Editorial Note: The following is reprinted with permission from Eleanor Skelton’s blog. It was originally published on February 16, 2015.
You just decided you had a terrible childhood after attending a liberal college, right? You got influenced by the Secular Humanism.
Actually…no.
I kept journals growing up.
Eleven of them, to be exact. Some were diaries, some were prayer journals.
- Diary 1: August 1998 to December 2000
- Diary 2: December 2000 to December 2010
- Diary 3: June 2011 to September 2013
- Prayer journal 1: December 2004 to November 2005
- Prayer journal 2: November 2005 to April 2011
- Prayer journal 3: April 2011 to August 2013
The other notebooks are a dream journal, a list of favorite Bible verses, a roster of people to pray for, and a journal filled with quotes and notes from family and friends.

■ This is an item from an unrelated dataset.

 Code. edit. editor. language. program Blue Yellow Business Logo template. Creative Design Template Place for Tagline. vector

Many times I was happy, or at least trying to be happy. I loved my family. Many times, I was not. And I wrote about it.
Here’s some excerpts.
October 31, 2002: “I feel like I’m always in trouble. I can’t seem to do anything right. I try my best. [….] I cry a lot at night because I have bottled up feelings all day and I need to let it out.”

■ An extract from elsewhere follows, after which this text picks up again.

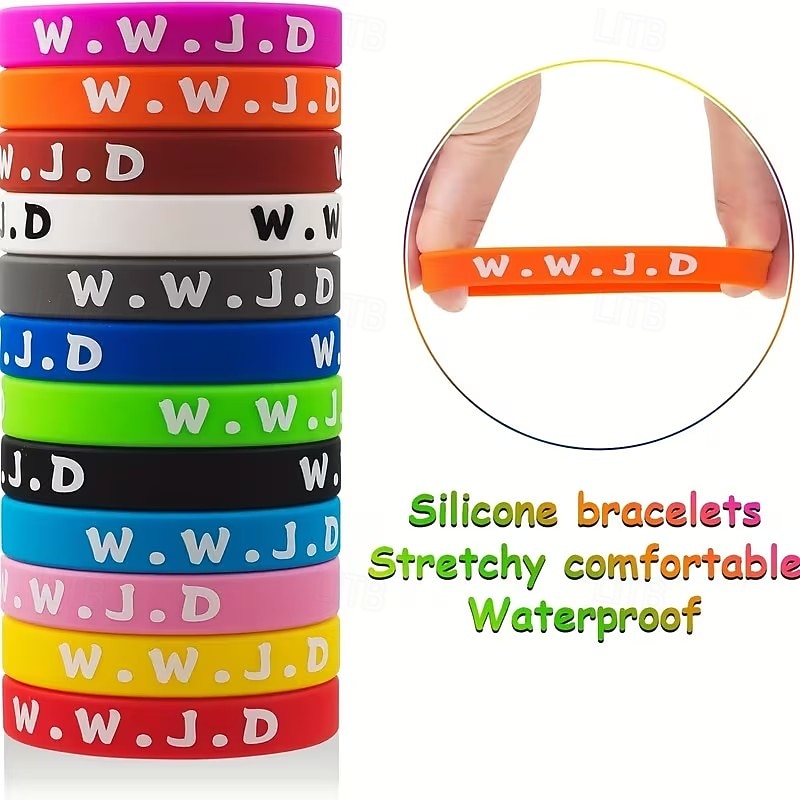 2026年 20個のWWJD「イエスならどうするだろう」ブレスレット - イエスのイメージとWWJDのイニシャルがインスピレーションと高揚感を与えるキリスト教の宗教的なシリコンリストバンド - 教会のグループ活動やパーティーのギフトに最適  コレクション – $12.99 –P1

November 1, 2002: “I feel like everyone’s pasttime is to make fun of me. [….] I can’t do anything right.”
January 4, 2003: “Will Mom ever understand how much her words hurt me? [….] Mom wasn’t any comfort. I wanted her to be, but she was harsh and unfeeling.”
After a spanking with the belt. I was 13.
January 20, 2003: “I am in trouble every day, or so it seems. My mom and dad are pleased every time I show them a good test grade […] but the pleasure doesn’t seem to last long. I am crying and I don’t know exactly why.”
September 30, 2004: “I wish Dad wanted to visit with people more. Oh, well. He does provide for us very well. I hope God will change Dad’s heart.”
A few years later, the entries get more detailed.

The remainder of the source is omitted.